MIGHTEE: Deep 1.4 GHz Source Counts and the Sky Temperature Contribution of Star Forming Galaxies and Active Galactic Nuclei

TL;DR

This paper presents deep 1.4 GHz source counts from the MIGHTEE survey, analyzing the contributions of star-forming galaxies and active galactic nuclei to the sky temperature, and addressing incompleteness corrections in the data.

Contribution

It provides the first detailed correction for incompleteness in deep 1.4 GHz source counts and quantifies the contributions of different galaxy types to the sky background temperature.

Findings

AGN dominate the sky temperature contribution from radio sources.

Star-forming galaxies contribute 15-25% below 1 mJy to the sky background.

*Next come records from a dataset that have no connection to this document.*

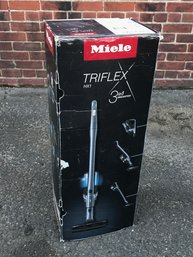Paid $600 MIELE Triflex HX1 - 3 In 1 Innovation Vacuum - Made In Germany - Needs Battery Charger - BESTSELLER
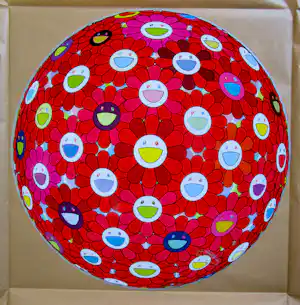 Takashi Murakami - FIREBALL RED kaufen? Bieten Sie von 1650!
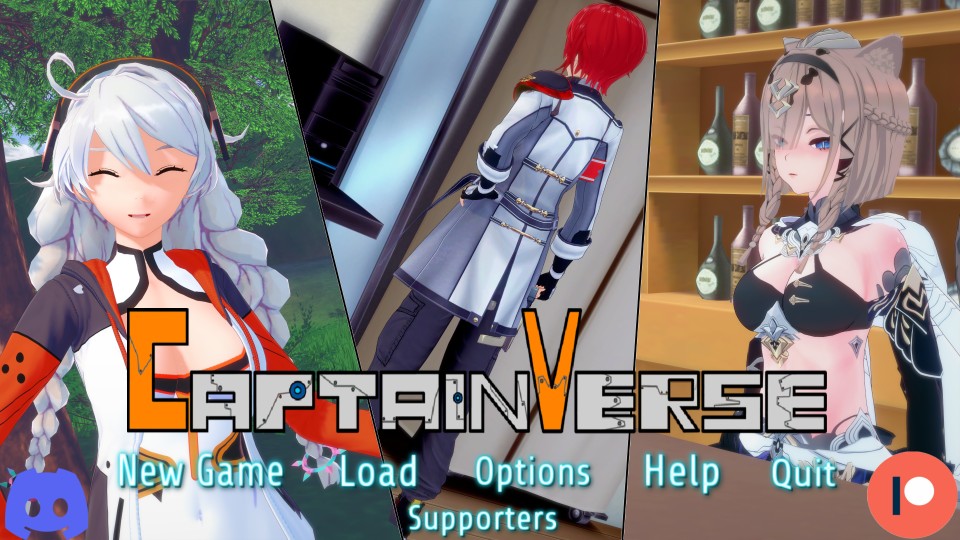 Captainverse Apk Android Adult Game Latest Version Download Banner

The observed sky temperature remains inconsistent with ARCADE 2 measurements.

Abstract

We present deep 1.4 GHz source counts from $\sim$5 deg$^2$ of the continuum Early Science data release of the MeerKAT International Gigahertz Tiered Extragalactic Exploration (MIGHTEE) survey down to $S_{1.4\textrm{GHz}}\sim$15 $\mu$Jy. Using observations over two extragalactic fields (COSMOS and XMM-LSS), we provide a comprehensive investigation into correcting the incompleteness of the raw source counts within the survey to understand the true underlying source count population. We use a variety of simulations that account for: errors in source detection and characterisation, clustering, and variations in the assumed source model used to simulate sources within the field and characterise source count incompleteness. We present these deep source count distributions and use them to investigate the contribution of extragalactic sources to the sky background temperature at 1.4 GHz using a relatively large sky area. We then use the wealth of ancillary data covering{a subset of the COSMOS field to investigate the specific contributions from both active galactic nuclei (AGN) and star forming galaxies (SFGs) to the source counts and sky background temperature. We find, similar to previous deep studies, that we are unable to reconcile the sky temperature observed by the ARCADE 2 experiment. We show that AGN provide the majority contribution to the sky temperature contribution from radio sources, but the relative contribution of SFGs rises sharply below 1 mJy, reaching an approximate 15-25% contribution to the total sky background temperature ($T_b\sim$100 mK) at $\sim$15 $\mu$Jy.